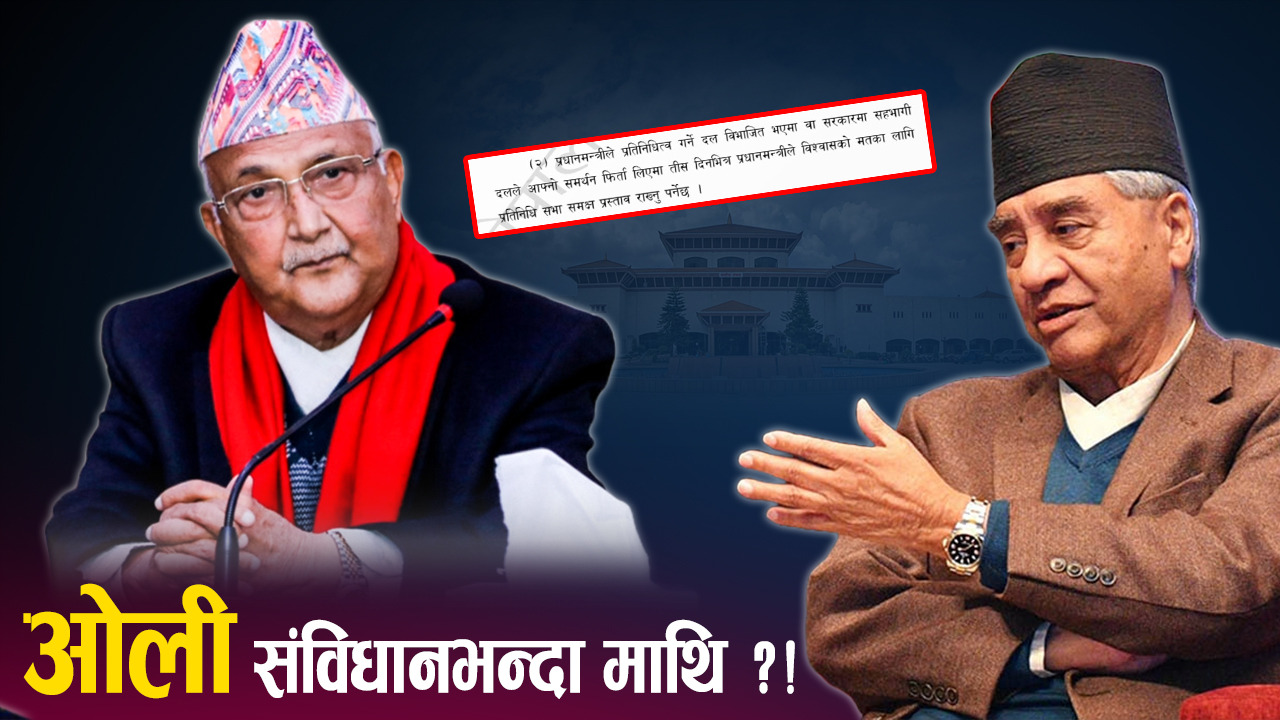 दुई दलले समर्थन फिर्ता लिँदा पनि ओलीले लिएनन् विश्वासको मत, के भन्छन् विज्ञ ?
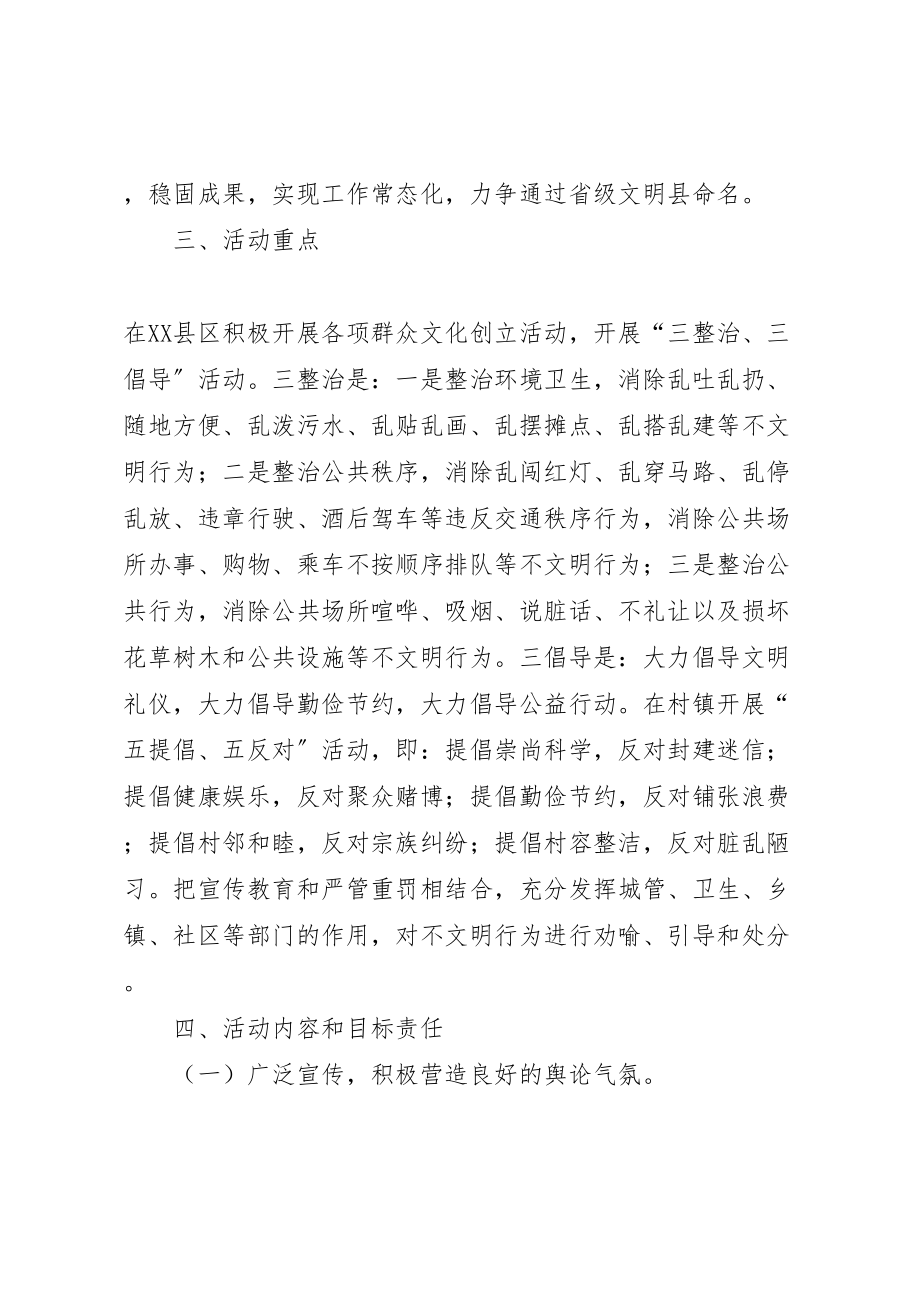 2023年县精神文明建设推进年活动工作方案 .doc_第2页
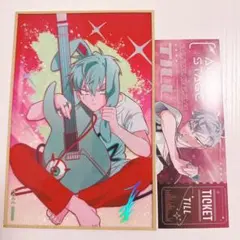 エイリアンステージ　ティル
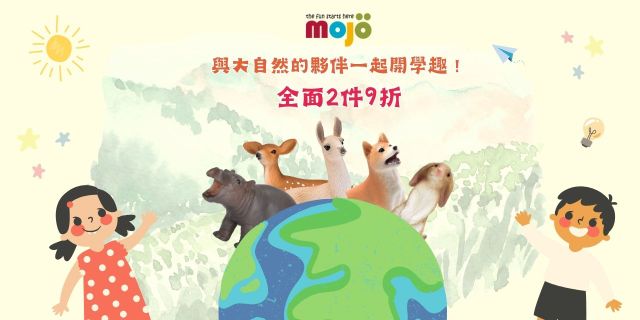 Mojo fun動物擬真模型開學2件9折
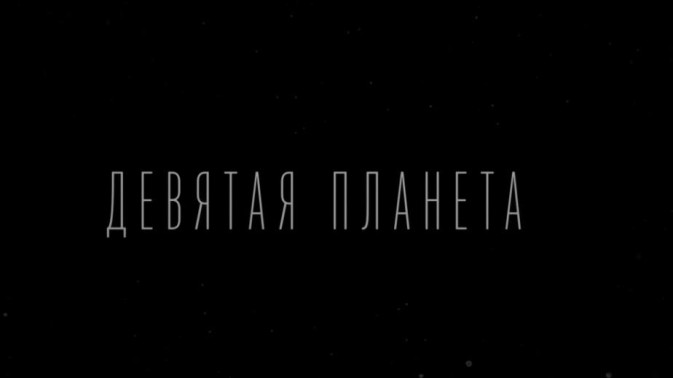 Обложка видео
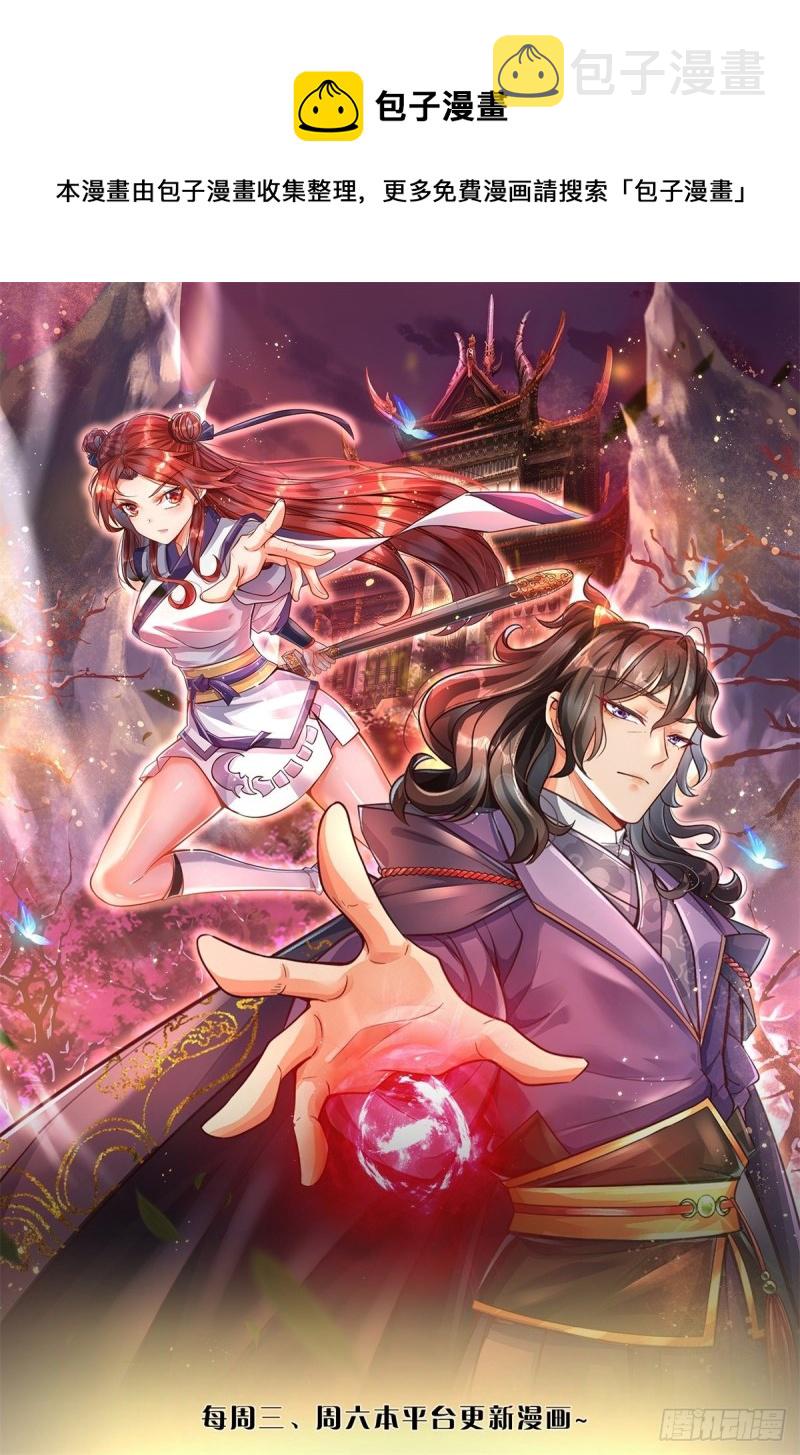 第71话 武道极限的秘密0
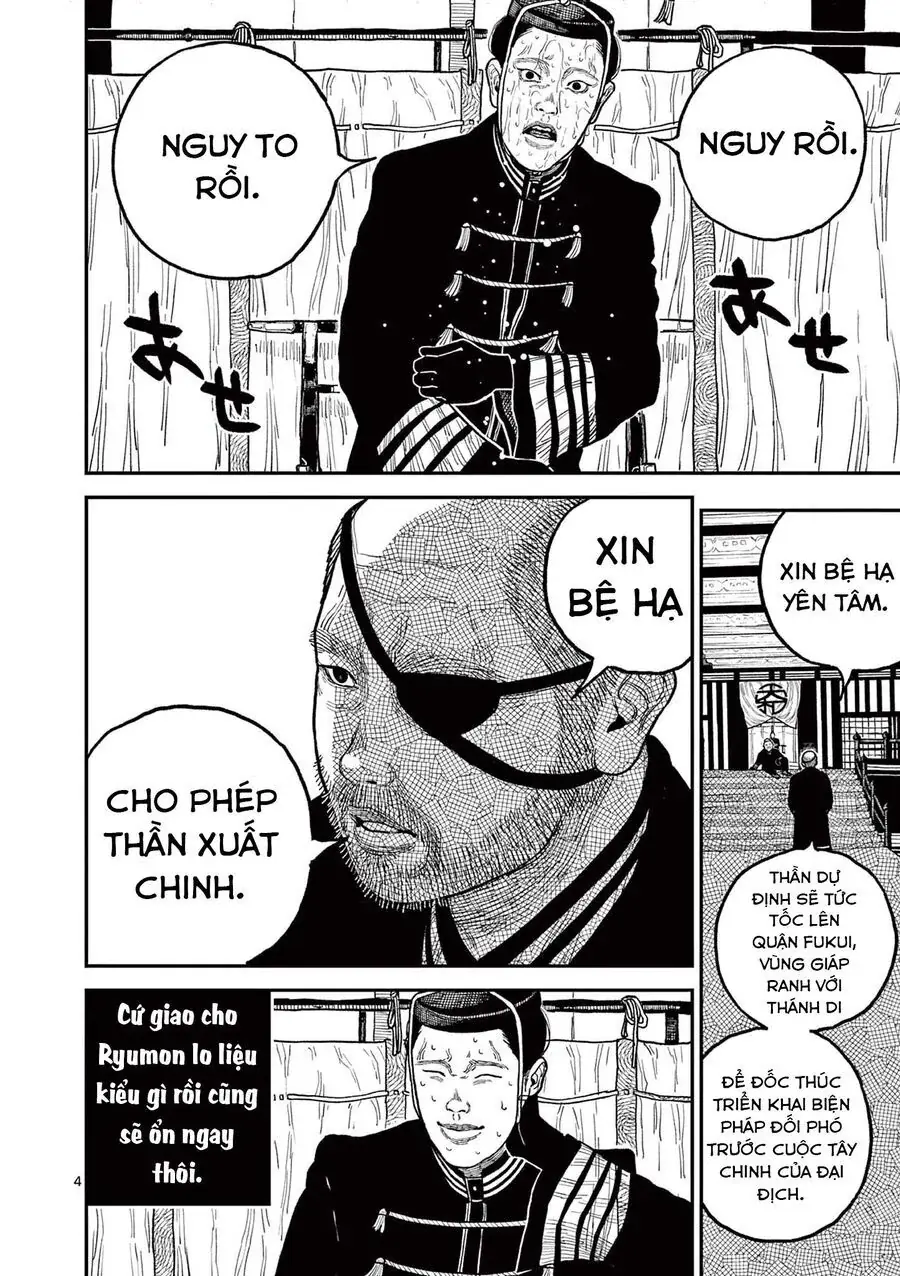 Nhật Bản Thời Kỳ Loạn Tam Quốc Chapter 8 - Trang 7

--------------------------------------------------

**Assigned task:** Your task is to transcribe, exactly and without additions, every line from the one that contains "Mojo fun動物擬真模型開學2件9折" to the end of the entries above, both included. Omit all pictures.

**Exercise response:**
 Mojo fun動物擬真模型開學2件9折
 Обложка видео
 第71话 武道极限的秘密0
 Nhật Bản Thời Kỳ Loạn Tam Quốc Chapter 8 - Trang 7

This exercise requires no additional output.